• Exercise instructions: Starting with the line that contains "Te Papa, Wellington", repeat each line exactly through the final line of the listing. No picture should appear in the copy.

• Entries shown:
+++
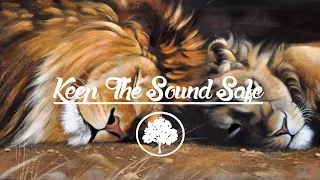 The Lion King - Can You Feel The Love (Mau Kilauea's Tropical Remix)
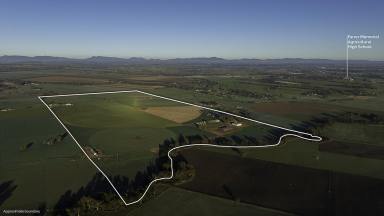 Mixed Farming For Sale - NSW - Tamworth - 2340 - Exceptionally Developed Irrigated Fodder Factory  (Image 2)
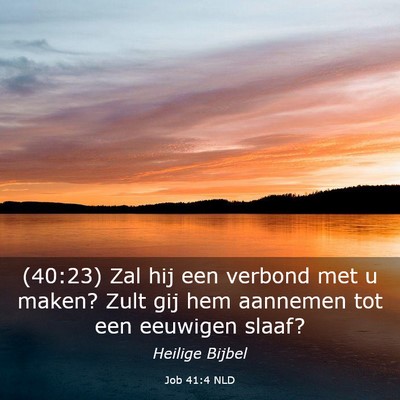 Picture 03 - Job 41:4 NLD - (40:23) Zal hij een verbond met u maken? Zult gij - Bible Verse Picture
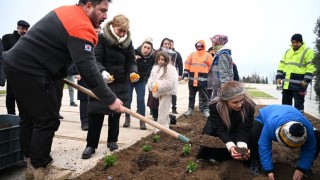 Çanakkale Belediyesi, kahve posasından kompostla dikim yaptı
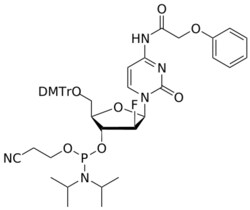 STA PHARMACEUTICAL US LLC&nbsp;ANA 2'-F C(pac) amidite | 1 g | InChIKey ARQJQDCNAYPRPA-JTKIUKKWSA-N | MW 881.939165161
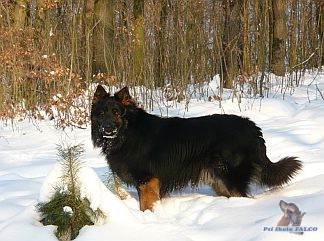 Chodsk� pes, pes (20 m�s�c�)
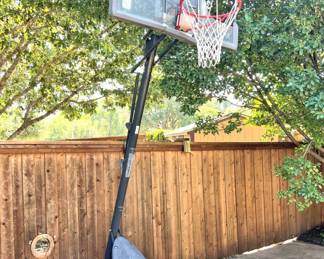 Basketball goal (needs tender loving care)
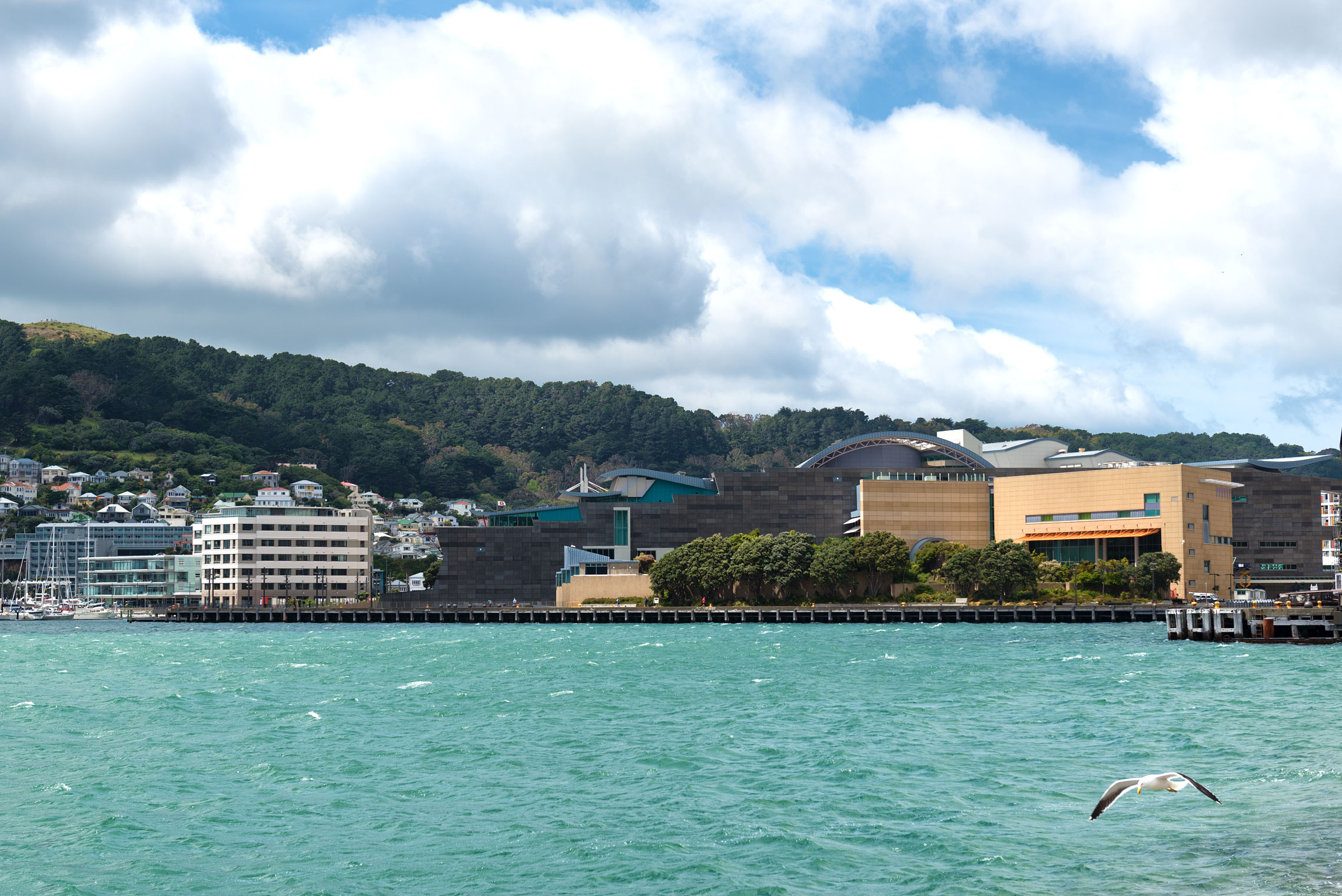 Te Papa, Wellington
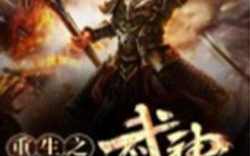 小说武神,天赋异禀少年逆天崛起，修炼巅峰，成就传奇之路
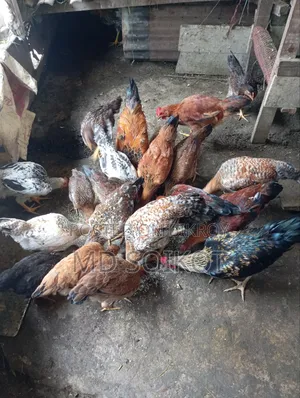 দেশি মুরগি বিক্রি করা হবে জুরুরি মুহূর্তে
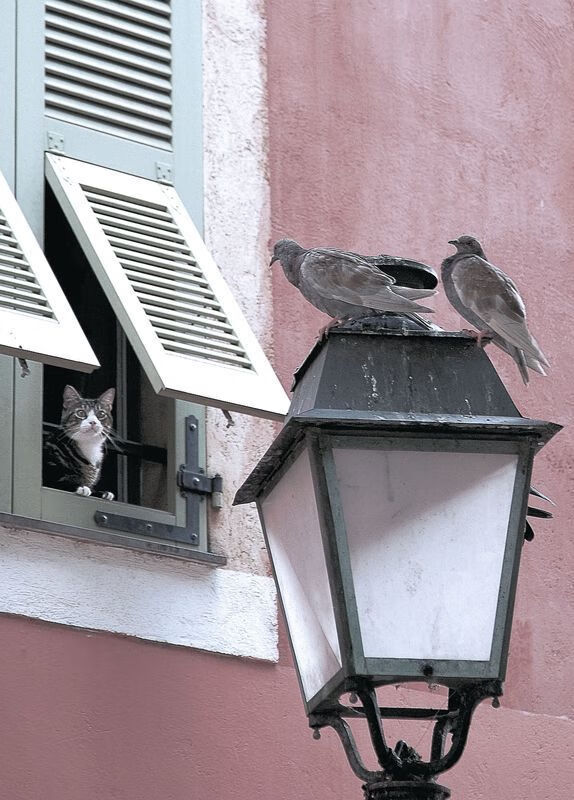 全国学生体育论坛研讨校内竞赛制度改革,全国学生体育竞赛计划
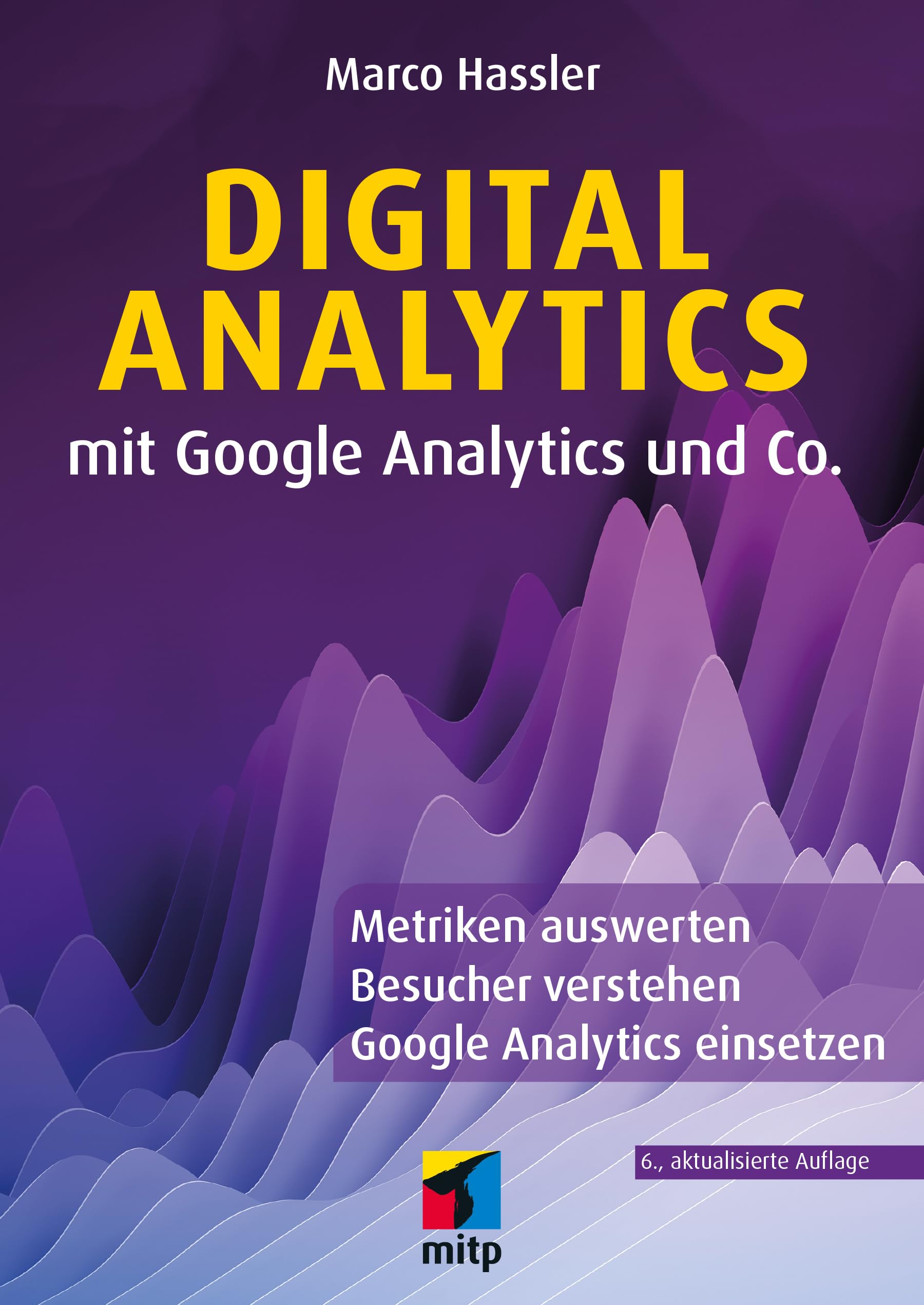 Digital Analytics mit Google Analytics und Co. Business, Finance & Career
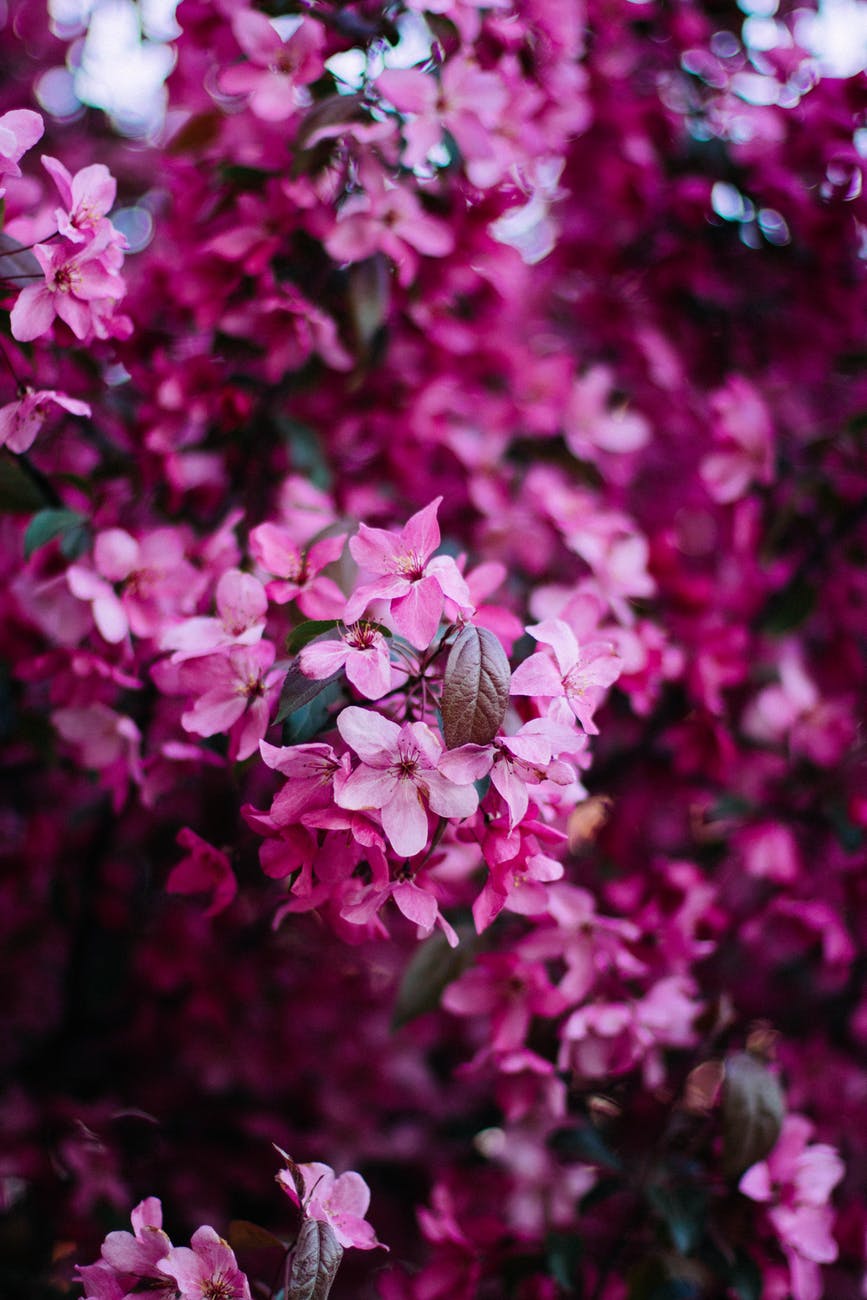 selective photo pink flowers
+++
• Output:
 Te Papa, Wellington
 小说武神,天赋异禀少年逆天崛起，修炼巅峰，成就传奇之路
 দেশি মুরগি বিক্রি করা হবে জুরুরি মুহূর্তে
 全国学生体育论坛研讨校内竞赛制度改革,全国学生体育竞赛计划
 Digital Analytics mit Google Analytics und Co. Business, Finance & Career
 selective photo pink flowers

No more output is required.